Geh Wohin Dein Herz Dich Trägt
After I opened the eighty-second email sending me a link to Canada’s Immigration website, I finally decided to take the self-assessment test. I do, in fact, qualify for a skilled-worker visa with a score of 73.
Not that I’m really planning to immigrate. Yet. I am very, very upset about the results of the election and frightened for the future. I do not trust the Bush administration to keep me or my family safe. I do not trust him to keep enough jobs here to allow me to pay my debt, own a home, and save for retirement. I don’t think it’s unrealistic to think that one day things could deteriorate to the point of needing to leave the country. But we’re not there yet.
If I were to immigrate now, it would be a lifestyle choice, not a rejection of America or a flight from some horrible danger. Toronto has always been a city that I’ve thought would be nice to move to—the fact that it lies in Canada is just part and parcel of that. Munich is another city I’d love to make my home. And I could probably weasel my way into a visa somehow. I’ve never been to New Zealand, but based on what I’ve read and heard from others who’ve travelled there, I think it could be a good place to go, too. And let’s not even talk about Iceland. You all know how I feel about that.

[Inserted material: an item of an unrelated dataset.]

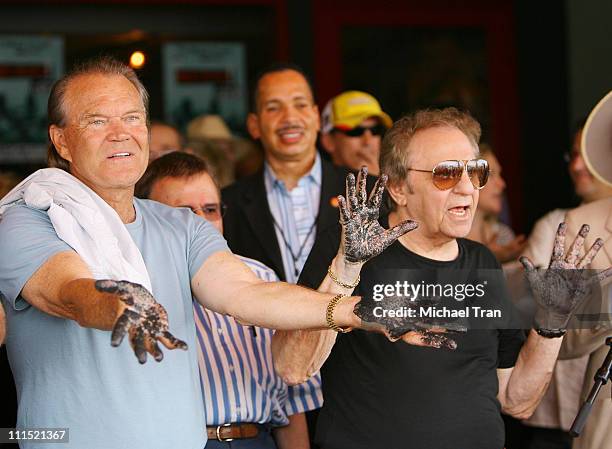 Musicians Glen Campbell and Hal Blaine attend the induction of The Wrecking Crew into Hollywood's Rockwalk at Guitar Center on Sunset Blvd on June...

If we’re changing the scenario to immigration out of necessity of one kind or another, the pool of eligible countries expands. Australia, Ireland, Scotland, England and that old stand-by, Canada jump to mind. However, in such a situation, I would imagine that there would be a tidal wave of people trying to get into other English-speaking countries, so my chances of getting a visa might be better elsewhere. Austria and Switzerland are on my list. I’ve been to all of those places and might be willing to live there anyway, so why not in a pinch? I might even be willing to give Sweden another chance. I’d have to think about Finland, but I did have a fairly favorable impression after my short sojourn there this summer, and if millions of Finns can learn Finnish, I sure as heck can, as well. And if I brushed off my rusty-dusty Spanish, I could add Spain, Ecuador. and Uruguay to my list. I know that’s a pretty random sampling, but it’s not based on any personal experience, so... how could it be anything more than random?

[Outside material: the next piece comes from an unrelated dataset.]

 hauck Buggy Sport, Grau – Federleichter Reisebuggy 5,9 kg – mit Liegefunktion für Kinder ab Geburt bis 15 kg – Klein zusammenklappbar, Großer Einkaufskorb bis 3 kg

But what to do with my monolingual sweetheart?
He’s been swearing that he wants to learn German for years, but has, to date, learned nothing more than “Tschüß”, “Danke”, “Bitte”, “Katze”, and the numbers 1-3 (except that he always mixes “zwei” and “drei” up). His German grandma also taught him the strange insult “Slabberhans”. I’ve offered to give him basic lessons many, many times. I offered to loan him the “Elementary German” and “German for Beginners” books that I used to tutor from. To no avail—he still talks about it all the time, but always has a reason why now is not a good time to learn.
I don’t know why he doesn’t want to learn just for the purpose of making snide comments without being understood. I know I would, if I were in his shoes. In fact, I plan to learn more and more obscure languages for that very purpose.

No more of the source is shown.